* [Prompt]: In the listing below, the answer starts at the line that has "casino do silvio santos" and stops after the line that has "15. Berpandukan gambar"; please repeat that part exactly and nothing more.

====

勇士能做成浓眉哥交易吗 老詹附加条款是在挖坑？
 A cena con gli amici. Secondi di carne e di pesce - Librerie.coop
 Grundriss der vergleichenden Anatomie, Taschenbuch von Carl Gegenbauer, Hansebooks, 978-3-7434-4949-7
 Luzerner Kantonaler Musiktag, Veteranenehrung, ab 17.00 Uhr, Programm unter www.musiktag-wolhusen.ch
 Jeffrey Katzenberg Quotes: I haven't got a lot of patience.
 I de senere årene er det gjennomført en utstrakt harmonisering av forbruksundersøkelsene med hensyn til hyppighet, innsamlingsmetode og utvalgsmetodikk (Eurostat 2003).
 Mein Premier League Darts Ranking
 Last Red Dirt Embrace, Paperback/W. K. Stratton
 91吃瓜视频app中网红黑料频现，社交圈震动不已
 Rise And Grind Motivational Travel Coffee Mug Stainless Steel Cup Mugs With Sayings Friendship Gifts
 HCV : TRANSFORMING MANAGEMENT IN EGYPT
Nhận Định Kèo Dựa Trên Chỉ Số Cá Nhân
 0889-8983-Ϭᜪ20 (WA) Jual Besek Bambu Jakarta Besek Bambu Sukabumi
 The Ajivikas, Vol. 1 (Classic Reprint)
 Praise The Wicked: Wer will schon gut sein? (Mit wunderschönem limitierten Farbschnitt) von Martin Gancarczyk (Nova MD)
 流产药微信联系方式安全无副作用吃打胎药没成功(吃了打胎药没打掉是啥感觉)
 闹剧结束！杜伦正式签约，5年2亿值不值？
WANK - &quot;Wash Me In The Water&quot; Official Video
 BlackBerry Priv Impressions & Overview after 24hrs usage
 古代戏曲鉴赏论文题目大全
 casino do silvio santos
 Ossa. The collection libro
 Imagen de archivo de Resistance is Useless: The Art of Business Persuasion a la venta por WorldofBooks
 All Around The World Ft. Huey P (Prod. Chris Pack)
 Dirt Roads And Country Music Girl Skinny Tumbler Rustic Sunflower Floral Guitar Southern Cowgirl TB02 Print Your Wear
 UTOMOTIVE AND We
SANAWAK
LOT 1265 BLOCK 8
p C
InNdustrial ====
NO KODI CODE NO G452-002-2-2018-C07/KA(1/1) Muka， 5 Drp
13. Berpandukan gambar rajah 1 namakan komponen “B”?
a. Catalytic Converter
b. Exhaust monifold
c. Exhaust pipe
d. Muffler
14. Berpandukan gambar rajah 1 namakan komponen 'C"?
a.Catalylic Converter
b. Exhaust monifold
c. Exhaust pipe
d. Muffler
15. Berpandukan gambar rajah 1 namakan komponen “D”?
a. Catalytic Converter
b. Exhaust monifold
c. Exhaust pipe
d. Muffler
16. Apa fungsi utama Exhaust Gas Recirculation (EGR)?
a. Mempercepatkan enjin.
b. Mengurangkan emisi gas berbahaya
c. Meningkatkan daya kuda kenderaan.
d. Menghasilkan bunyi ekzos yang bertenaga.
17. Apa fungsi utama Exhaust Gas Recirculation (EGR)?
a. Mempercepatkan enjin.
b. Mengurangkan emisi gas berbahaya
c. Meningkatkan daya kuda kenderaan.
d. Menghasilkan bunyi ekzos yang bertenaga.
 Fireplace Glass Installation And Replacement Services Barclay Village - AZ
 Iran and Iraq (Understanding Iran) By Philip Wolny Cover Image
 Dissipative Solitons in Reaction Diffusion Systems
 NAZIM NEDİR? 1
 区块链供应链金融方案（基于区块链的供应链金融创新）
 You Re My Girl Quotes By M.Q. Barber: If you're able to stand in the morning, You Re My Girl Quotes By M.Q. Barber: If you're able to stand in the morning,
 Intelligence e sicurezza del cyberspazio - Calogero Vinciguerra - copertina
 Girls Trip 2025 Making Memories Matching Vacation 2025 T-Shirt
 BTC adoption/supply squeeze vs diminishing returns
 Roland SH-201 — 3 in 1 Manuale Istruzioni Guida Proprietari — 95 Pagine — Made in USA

====

* [Solution to this problem]:
 casino do silvio santos
 Ossa. The collection libro
 Imagen de archivo de Resistance is Useless: The Art of Business Persuasion a la venta por WorldofBooks
 All Around The World Ft. Huey P (Prod. Chris Pack)
 Dirt Roads And Country Music Girl Skinny Tumbler Rustic Sunflower Floral Guitar Southern Cowgirl TB02 Print Your Wear
 UTOMOTIVE AND We
SANAWAK
LOT 1265 BLOCK 8
p C
InNdustrial ====
NO KODI CODE NO G452-002-2-2018-C07/KA(1/1) Muka， 5 Drp
13. Berpandukan gambar rajah 1 namakan komponen “B”?
a. Catalytic Converter
b. Exhaust monifold
c. Exhaust pipe
d. Muffler
14. Berpandukan gambar rajah 1 namakan komponen 'C"?
a.Catalylic Converter
b. Exhaust monifold
c. Exhaust pipe
d. Muffler
15. Berpandukan gambar rajah 1 namakan komponen “D”?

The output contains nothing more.